Steve Outing at Editor and Publisher, whose column is called Stop the Presses: “Too many people at leadership positions of major news organizations are in a defensive posture when it comes to citizen or participatory journalism. They’re in denial— and that spells trouble for their organizations.”
Writers, bloggers: send me your interesting About.com related links. Anyone who works there have something… you know, challenging and original to say? Reply to something you heard. E-mail PressThink.
My favorite photo of The Gates in Central Park.
Terry Heaton, The Devaluation of Information, on the overturned hierachies strewn about.

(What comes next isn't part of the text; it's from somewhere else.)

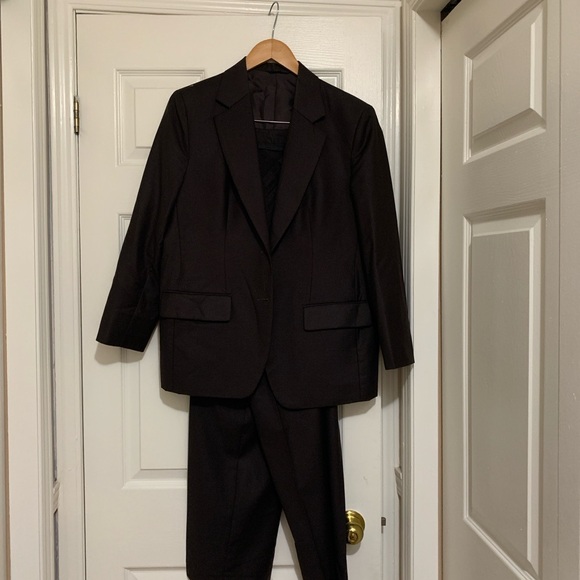 Classic Brown Suit - Picture 6 of 7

The Internet — with its Postmodern, deconstructionist architechture — makes it seem that all knowledge is “public” knowledge and all information is “public” information. It was built without a centralized command and control mechanism, and, therefore, the ability to tap unlimited databases is available to everybody. This is what makes Google so powerful. Absent any top-down structure, Google (anybody) is able to search and retrieve from those databases at any level, which, among other things, renders the portal Website concept irrelevant.
Forbes on the About deal: “The New York Times Co. just bought the world’s biggest blog.”
OK, About.com isn’t technically a blog, but it is a massive collection of content produced by non-journalist experts. For a small salary, 500 About.com guides produce myriad Web pages that the company turns into cash by selling ads. Together the guides have amassed 1 million pages covering 55,000 topics, from fly-fishing to cross-stitching.
Richard MacManus, Blog Branding: About.com and Kottke. “As a writer whose goal is to (very soon) earn a decent living via blogging, I wonder how viable the ‘work for peanuts’ approach of About.com is nowadays.”
“Isn’t that what blogs resurrect: the cacophony of the town square?” Jeff Jarvis, media man and blogger, and Bill Keller, editor of the New York Times, continue their exchange of letters.
If you’re not reading Memeorandum you’re missing an interesting cut on the news and the weblogger’s ways with it. Good for sampling the pulses and waves that cross the blog world.